About this exercise |
An image-free reproduction of the data below is needed: print it exactly.

Collected data |
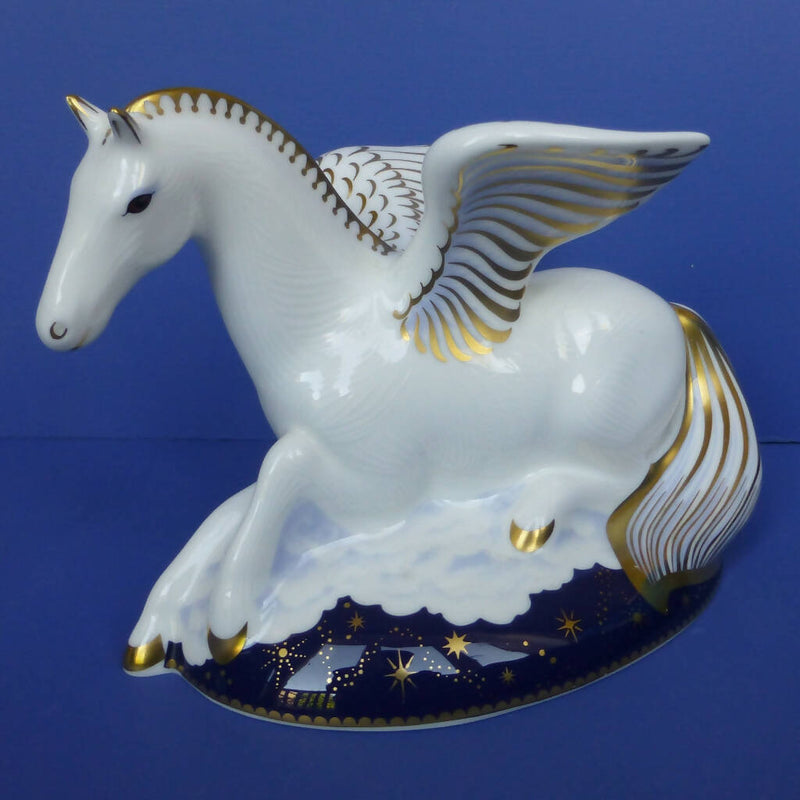 Royal Crown Derby Limited Edition Paperweight - Pegasus (Boxed)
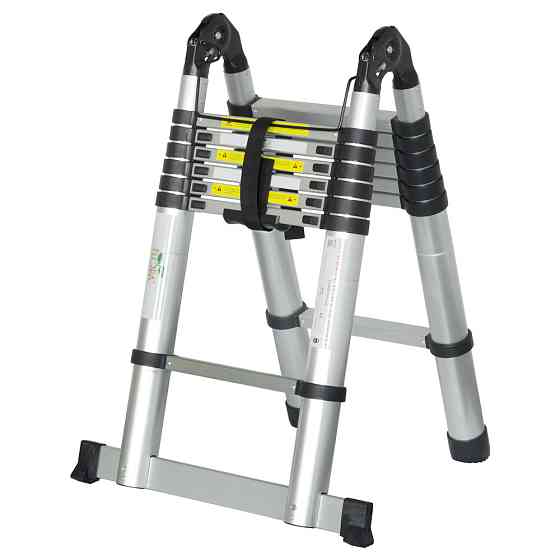 Flora Лестница телескопическая универсальная 14 ступеней 4.4м FLORA (5033424) Коломия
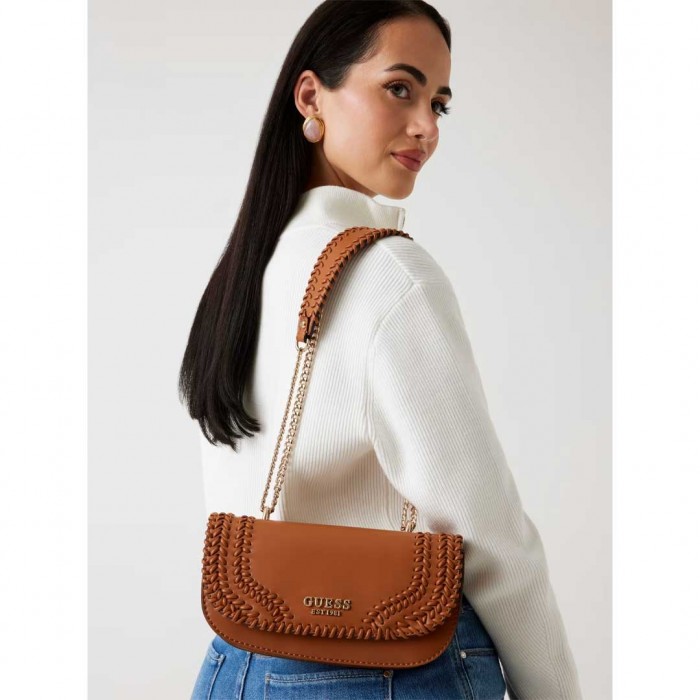 GUESS Tatum Insert Mini Crossbody BROWN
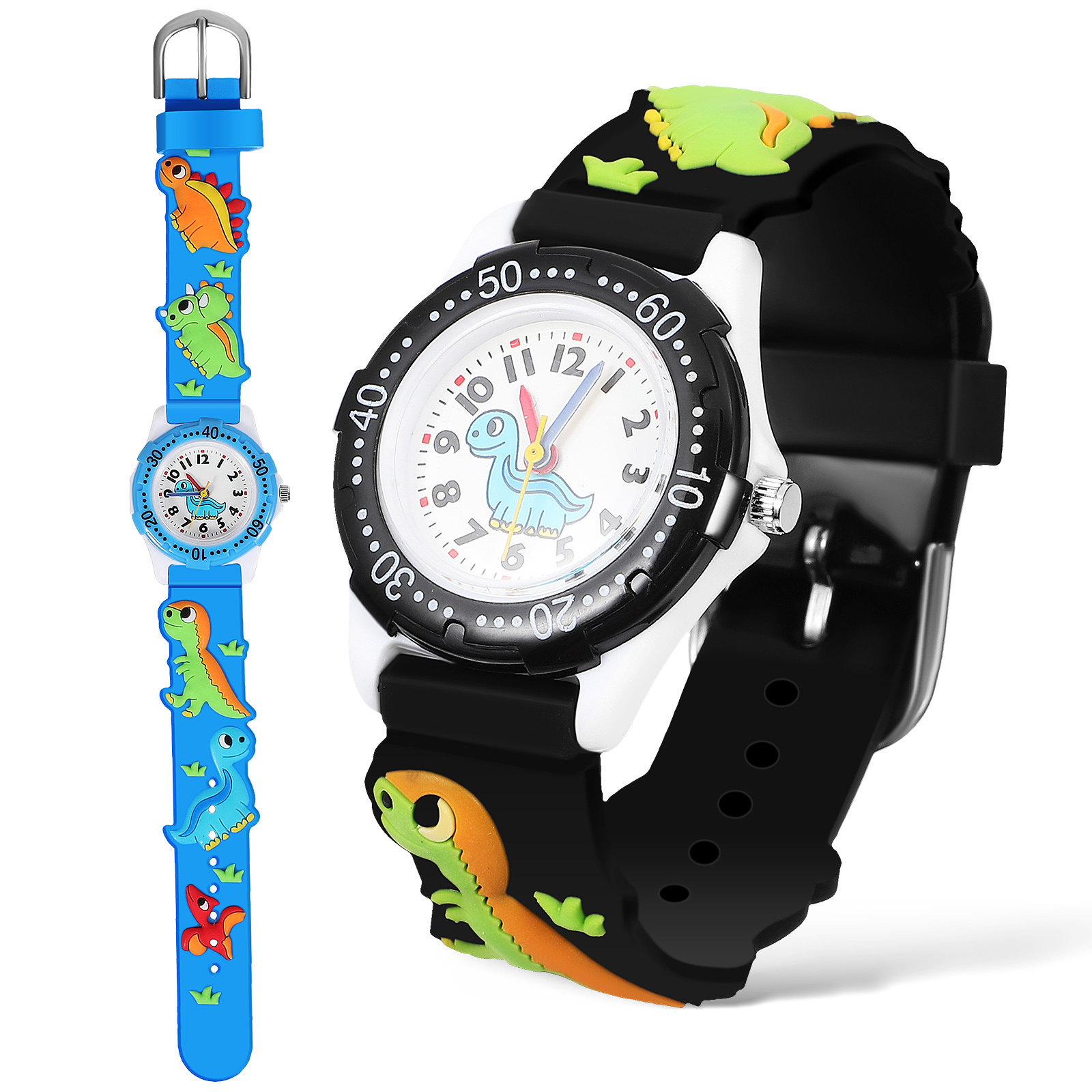 2Pcs Cartoon Watches with 3D D – Luxury Watch Arabic recenzja i cena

Task answer |
 Royal Crown Derby Limited Edition Paperweight - Pegasus (Boxed)
 Flora Лестница телескопическая универсальная 14 ступеней 4.4м FLORA (5033424) Коломия
 GUESS Tatum Insert Mini Crossbody BROWN
 2Pcs Cartoon Watches with 3D D – Luxury Watch Arabic recenzja i cena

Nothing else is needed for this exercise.